When they reached Anderson Street, he shook hands with her, and leant forward to kiss her cheek.
‘I’m confused,’ she said, ‘at a higher level, of course,’ and then watched a little helplessly as he drove off in the BMW.
Cardinal awoke at 4 pm from a dreamless void, but the torrent of waking thoughts made him wish he was dreaming. He wondered if the faceless body would haunt him forever. The most pressing thought was his need to visit Harry’s house.
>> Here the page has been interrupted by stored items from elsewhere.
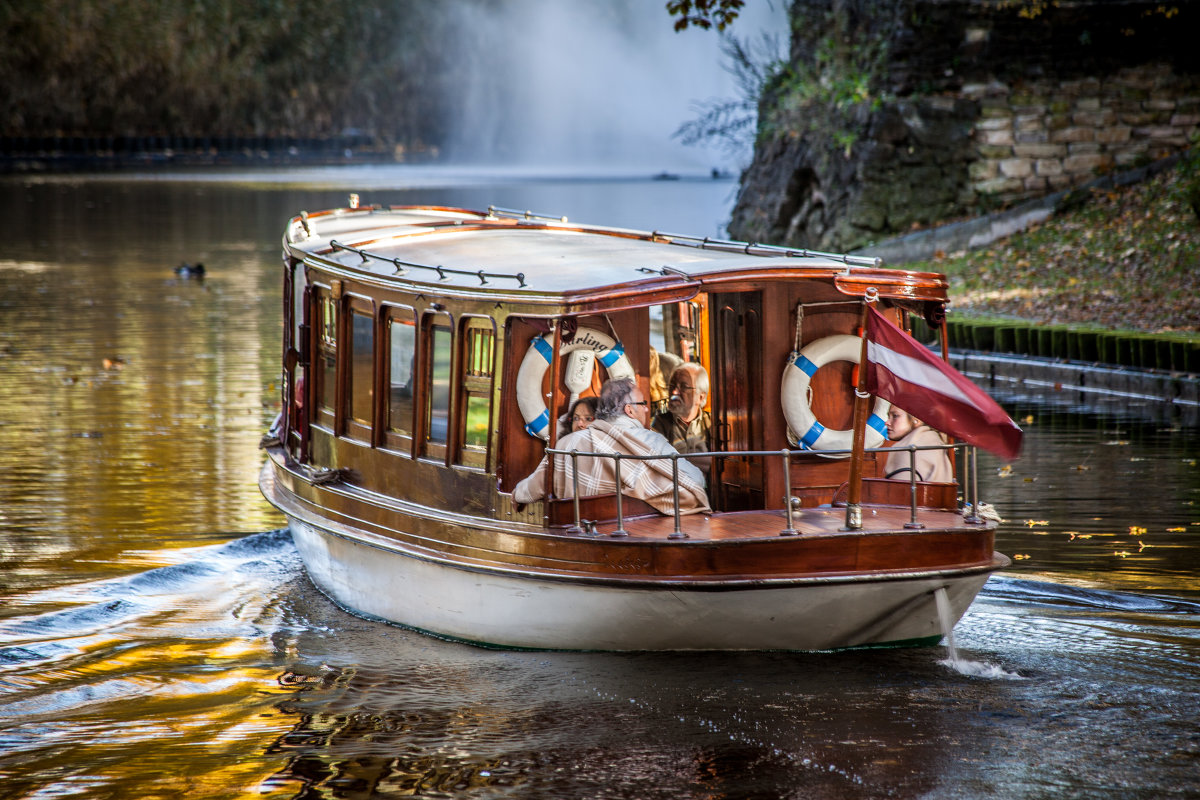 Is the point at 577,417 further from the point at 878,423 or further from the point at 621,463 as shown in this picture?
the point at 878,423

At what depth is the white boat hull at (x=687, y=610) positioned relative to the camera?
778 cm

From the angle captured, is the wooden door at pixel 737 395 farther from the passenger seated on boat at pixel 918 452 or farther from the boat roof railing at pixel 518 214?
the boat roof railing at pixel 518 214

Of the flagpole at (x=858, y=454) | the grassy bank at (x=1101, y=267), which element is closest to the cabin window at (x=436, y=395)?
the flagpole at (x=858, y=454)

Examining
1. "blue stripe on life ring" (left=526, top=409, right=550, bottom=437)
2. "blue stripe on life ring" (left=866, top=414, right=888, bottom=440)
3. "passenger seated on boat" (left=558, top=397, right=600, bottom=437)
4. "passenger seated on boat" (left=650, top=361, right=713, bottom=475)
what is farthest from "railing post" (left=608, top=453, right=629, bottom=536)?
"blue stripe on life ring" (left=866, top=414, right=888, bottom=440)

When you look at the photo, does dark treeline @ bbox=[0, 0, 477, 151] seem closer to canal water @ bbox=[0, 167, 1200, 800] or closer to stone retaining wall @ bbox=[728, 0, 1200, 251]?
stone retaining wall @ bbox=[728, 0, 1200, 251]

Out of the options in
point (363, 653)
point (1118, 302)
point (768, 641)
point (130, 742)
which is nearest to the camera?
point (130, 742)

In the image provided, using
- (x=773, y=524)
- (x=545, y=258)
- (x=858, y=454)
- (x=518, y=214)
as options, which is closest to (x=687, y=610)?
(x=773, y=524)

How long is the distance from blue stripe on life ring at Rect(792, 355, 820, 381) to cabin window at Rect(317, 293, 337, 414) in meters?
3.32

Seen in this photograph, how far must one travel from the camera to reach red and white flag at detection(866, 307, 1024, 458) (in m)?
7.32

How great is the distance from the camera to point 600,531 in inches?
318

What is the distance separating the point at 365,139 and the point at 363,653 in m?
79.5

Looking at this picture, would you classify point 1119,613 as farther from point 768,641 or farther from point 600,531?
point 600,531

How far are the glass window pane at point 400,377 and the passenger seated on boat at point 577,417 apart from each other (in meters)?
1.22

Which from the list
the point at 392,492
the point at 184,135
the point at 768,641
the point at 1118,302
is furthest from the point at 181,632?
A: the point at 184,135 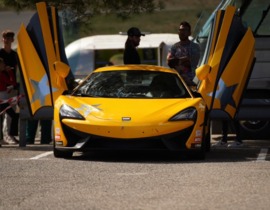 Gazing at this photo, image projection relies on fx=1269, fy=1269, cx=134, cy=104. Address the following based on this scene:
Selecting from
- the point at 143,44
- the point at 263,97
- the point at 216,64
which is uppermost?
the point at 216,64

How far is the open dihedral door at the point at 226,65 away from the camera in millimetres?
16781

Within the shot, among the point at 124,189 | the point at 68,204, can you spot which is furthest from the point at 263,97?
the point at 68,204

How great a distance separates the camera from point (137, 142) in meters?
14.8

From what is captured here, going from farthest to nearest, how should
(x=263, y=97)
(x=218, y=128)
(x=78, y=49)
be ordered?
(x=78, y=49) → (x=218, y=128) → (x=263, y=97)

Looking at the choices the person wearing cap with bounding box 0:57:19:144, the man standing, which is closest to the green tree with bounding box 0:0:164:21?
the person wearing cap with bounding box 0:57:19:144

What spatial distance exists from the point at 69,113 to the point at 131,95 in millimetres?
1061

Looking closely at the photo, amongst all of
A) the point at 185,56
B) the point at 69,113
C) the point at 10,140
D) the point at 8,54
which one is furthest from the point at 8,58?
the point at 69,113

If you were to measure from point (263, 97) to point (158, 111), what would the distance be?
4.57m

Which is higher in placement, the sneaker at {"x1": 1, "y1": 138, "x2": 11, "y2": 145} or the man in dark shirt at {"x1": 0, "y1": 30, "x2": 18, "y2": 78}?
the man in dark shirt at {"x1": 0, "y1": 30, "x2": 18, "y2": 78}

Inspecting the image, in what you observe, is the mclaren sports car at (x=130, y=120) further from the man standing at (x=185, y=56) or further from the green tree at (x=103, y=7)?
the green tree at (x=103, y=7)

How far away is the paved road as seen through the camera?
35.4 feet

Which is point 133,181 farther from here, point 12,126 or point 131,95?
point 12,126

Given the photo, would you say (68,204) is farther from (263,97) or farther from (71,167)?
(263,97)

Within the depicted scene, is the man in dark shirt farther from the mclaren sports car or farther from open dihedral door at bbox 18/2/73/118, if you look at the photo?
the mclaren sports car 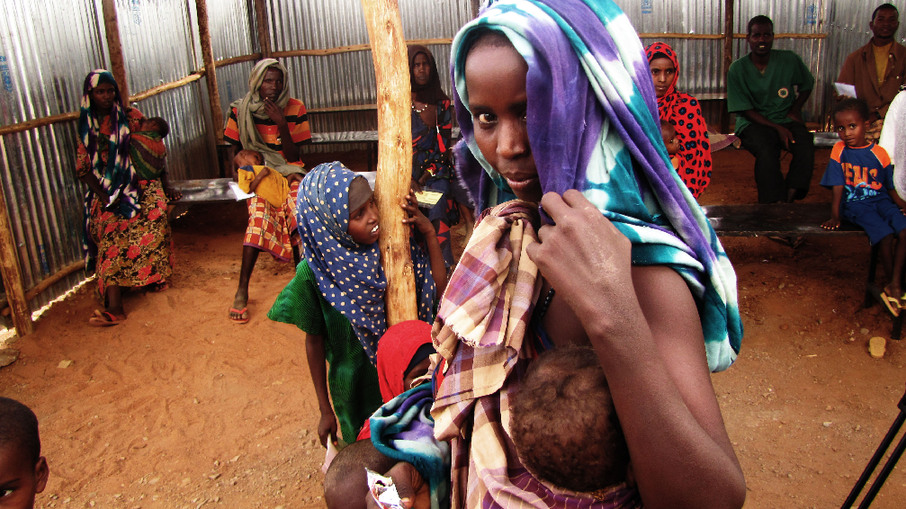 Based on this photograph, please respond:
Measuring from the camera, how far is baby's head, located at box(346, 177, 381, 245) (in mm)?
2885

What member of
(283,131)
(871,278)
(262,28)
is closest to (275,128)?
(283,131)

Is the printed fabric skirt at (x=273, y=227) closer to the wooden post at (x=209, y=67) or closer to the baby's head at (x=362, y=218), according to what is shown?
the baby's head at (x=362, y=218)

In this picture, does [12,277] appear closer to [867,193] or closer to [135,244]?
[135,244]

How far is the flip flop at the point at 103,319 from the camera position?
5477 mm

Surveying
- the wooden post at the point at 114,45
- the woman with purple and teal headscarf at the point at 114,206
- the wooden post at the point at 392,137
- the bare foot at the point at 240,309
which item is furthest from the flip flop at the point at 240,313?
the wooden post at the point at 392,137

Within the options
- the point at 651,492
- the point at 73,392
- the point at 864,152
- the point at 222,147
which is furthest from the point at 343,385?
the point at 222,147

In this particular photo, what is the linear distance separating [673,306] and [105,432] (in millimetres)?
4175

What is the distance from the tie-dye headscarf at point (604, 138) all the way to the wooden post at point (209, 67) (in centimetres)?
853

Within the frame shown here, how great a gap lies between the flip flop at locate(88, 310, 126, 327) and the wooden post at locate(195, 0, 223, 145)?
3.91 m

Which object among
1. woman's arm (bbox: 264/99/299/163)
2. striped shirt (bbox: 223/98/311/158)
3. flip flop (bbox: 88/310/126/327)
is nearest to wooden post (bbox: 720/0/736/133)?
striped shirt (bbox: 223/98/311/158)

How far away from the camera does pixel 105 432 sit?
4.18m

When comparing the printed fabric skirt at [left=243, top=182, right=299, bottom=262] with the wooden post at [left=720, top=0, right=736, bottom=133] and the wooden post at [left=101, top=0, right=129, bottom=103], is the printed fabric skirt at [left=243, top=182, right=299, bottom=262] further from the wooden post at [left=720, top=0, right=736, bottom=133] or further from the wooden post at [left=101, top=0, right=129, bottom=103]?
the wooden post at [left=720, top=0, right=736, bottom=133]

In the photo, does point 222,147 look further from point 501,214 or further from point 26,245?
point 501,214

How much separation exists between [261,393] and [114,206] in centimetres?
253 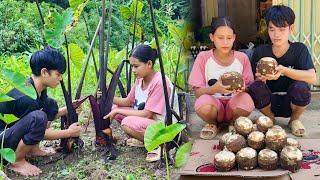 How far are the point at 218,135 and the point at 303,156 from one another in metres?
0.62

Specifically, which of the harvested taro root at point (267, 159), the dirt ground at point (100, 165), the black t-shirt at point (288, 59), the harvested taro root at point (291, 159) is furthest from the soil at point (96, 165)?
the black t-shirt at point (288, 59)

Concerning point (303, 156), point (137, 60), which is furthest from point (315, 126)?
point (137, 60)

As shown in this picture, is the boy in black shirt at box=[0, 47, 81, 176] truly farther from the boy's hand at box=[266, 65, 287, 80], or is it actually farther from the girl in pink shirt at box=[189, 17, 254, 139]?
the boy's hand at box=[266, 65, 287, 80]

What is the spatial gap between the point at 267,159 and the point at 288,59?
35.4 inches

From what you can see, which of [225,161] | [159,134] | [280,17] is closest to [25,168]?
[159,134]

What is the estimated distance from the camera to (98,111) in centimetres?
292

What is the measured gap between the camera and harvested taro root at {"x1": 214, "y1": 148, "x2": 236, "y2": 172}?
8.60 feet

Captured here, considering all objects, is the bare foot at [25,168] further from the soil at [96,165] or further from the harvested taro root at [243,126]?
the harvested taro root at [243,126]

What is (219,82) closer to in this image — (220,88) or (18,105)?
(220,88)

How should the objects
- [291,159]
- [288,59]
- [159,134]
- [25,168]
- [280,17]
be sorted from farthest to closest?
[288,59] → [280,17] → [25,168] → [291,159] → [159,134]

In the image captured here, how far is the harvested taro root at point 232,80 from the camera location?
9.91 feet

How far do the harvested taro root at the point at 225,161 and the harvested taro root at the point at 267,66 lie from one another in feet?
2.04

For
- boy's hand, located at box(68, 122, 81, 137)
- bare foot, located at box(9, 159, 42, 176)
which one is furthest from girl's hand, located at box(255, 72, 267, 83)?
bare foot, located at box(9, 159, 42, 176)

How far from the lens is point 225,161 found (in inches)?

Cardinal showered and dressed in faded-blue jeans and sneakers. He made black tea in an attempt to help himself over his jet-lag. Then he went out wearing his favourite white ‘Bogart’ hat, and hailed a taxi. The ride west from Elizabeth Street in the city’s heart to Bronte, next to Bondi, took fifteen minutes. Gardyne Street, where Harry lived, swept down to a park, then a surf beach. A score of surfers and surf-boarders were braving the cool, late afternoon to catch waves. The surf was up.
Cardinal left the taxi at the top of a steep climb. As he walked down and checked numbers, an Asian girl carrying a camera came out of a house and marched briskly down the road away from him. Cardinal took little notice until he realised that she had been at number 53A, Harry’s house.
By the time he reached it, she was well on her way down a sloping lane to the beach. Cardinal shielded his eyes and watched her until she was out of sight. He pushed open the gate, which was practically unhinged, and hesitated at the sight of sixty high steps to the front of the federation-style brick house, built, he imagined, around 1910, on the nob of a small hill. The front lawn, which was more like a wall, hadn’t been cut for months.
No one answered his knock at the front or back doors. He peered in through a kitchen window and could see a surfboard. He tried windows and, when he could not get in, decided to track down the Asian girl. He walked to the beach and spotted her taking photos. He moved closer but still could not place her nationality. She was dark and sensual, if a little plump, and wore tight jeans and sweater. Her face was a saucer shape, her eyes wide and her lips full. Her expression had an overall vulnerability, and she seemed evasive, if not secretive.